Read in Elmasri & Navathe (EN)

Chapter 1
Chapter 2 Section 1 on DB schemas
Chapter 3, Sections 1 & 2

Bookstore notice

Installation assignment:
MySQL on your own machine

Oracle v MySQL
Terms; demo; SQL
Consistency
Relational "lists"

Oracle v MySQL: two databases.
Oracle has more proprietary extensions. Some are not necessarily a good idea.

Note that, with Oracle's purchase of Sun Microsystems, Oracle now owns MySQL. Some people think this is why they bought Sun. (Others think it was for Java.)

Oracle tends to support more features than MySQL. Transactions are one, though this is now beginning to appear in MySQL. Another is key constraints, and foreign key constraints in particular. However, consider the following:

Application programs generally have to explicitly check for foreign key values, anyway; otherwise, it is difficult to respond natually to a user error.
Now that Oracle has acquired the innodb database engine for MySQL, foreign key constraints are now implemented whenever the DB adminstrator chooses the innodb engine.

Note also that MySQL is dual-licensed: as open-source (which means your additions must also be open-source) and as a proprietary product (meaning you can develop proprietary extensions to MySQL, provided you pay the licensing fee).

Installing Oracle 11g (more later)

bandwidth to download 2+ GB
disk space

SQL*Plus v web interface v MySQL
localhost:8080/apex
browse around to find SQL

Some notes on installing mysql

These assume that you will use a command-line interface.

Basically, you need to create a user, and then a database for that user. A database is a collection of tables.

Step 1: do the actual installation (eg apt-get install mysql-server, or run the .exe install file). During this step, you should be asked for a master password.

Downloads for the MySQL Community Server are at http://www.mysql.com/downloads/mysql. At a minimum, you will need MySQL Server.

Step 2. log in using the master password.

mysql --user root -p
(give master password)

Step 3. Now new users and databases can be created, eg pld. (note password is in quotes)

mysql> create user pld identified by 'cranberry';
mysql> create database plddb;
mysql> grant all on plddb.* to 'pld';

We have created a user pld, and a database plddb, and given user pld full control over plddb, and only over plddb. If you wanted to allow pld to create databases, you could use

mysql> grant all on *.* to 'pld';

You can also grant individual actions:

grant SELECT, INSERT, UPDATE, DELETE, CREATE, DROP ON *.* TO 'pld';

Step 4. Now log in as pld (after logging out as root):

mysql --user=pld --password=cranberry plddb

But let's assume you are user pld, in unix-world, and that you don't wish to type your password on the command line. Then use:

mysql -p plddb

Step 5: Create a table (while logged in as pld). Nava/C users take note: the comma is a separator in the field declarations, not a terminator (ie there is no comma after the final declaration, and the field name precedes the type name.
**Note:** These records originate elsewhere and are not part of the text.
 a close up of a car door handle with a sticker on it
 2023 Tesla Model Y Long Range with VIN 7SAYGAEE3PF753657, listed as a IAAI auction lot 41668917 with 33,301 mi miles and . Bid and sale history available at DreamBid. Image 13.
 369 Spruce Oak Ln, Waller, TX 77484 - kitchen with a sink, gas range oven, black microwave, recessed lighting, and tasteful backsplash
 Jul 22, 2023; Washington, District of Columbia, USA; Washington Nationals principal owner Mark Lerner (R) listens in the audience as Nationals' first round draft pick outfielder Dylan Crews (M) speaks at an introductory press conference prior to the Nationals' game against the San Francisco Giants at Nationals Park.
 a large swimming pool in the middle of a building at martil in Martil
mysql> create table foo (id int, name varchar(100));

mysql> insert into foo values (1, 'peter');
mysql> insert into foo values (2, 'paul');

mysql> show tables;

mysql> select * from foo;

The last is our first example of a SQL select statement.

History: relational databases came out of theoretical work of Edgar Codd, in a 1970 paper titled A Relational Model of Data for Large Shared Data Banks. At the time, the approach was seen as too computationally expensive. But by 1980, both IBM DB2 and (early version of) Oracle were out, and it was becoming generally recognized that relational databases were the wave of the future.

Codd's relational approach solved a major data consistency problem. We will look at that below.

While there are now other types of databases, notably object-oriented databases, it is fair to say that no later development has offered a convincing solution to a general problem that is intractable with the relational model.

SEQUEL / SQL

In the early 1970's, IBM introduced SEQUEL: Structured English Query Language. For trademark reasons, the name had to be changed; IBM chose SQL (Structured Query Language). To this day, many people prefer to pronounce SQL as "sequel" rather than as "ess queue ell"; note that in this case the "sequel" pronunciation actually came first.

The "official" pronounciation for MySQL is "My ess queue ell", but they tolerate "mysequel". The following is from the MySQL reference manual, §1.3.2:

MySQL is named after co-founder Monty Widenius's daughter, My.

SQL is fundamentally command-line
Rather non-procedural language!

Wrapping a good Human-Computer Interface (HCI) around SQL is good practice (well-nigh essential); generally this is done in some high-level language with a SQL interface (eg JDBC). However, actual queries are still done in SQL.

Terminology

Student database, EN p 6

Tables
Rows == Records
Columns == attributes
Keys
Database == set of tables
Relationships between tables

Keys:

STUDENT: Student_number
COURSE: Course_number
SECTION: Section_identifier (this is not completely obvious)
GRADE_REPORT: ⟨Student_number, Section_identifier⟩

Tables with two columns as key often serve to represent relationships.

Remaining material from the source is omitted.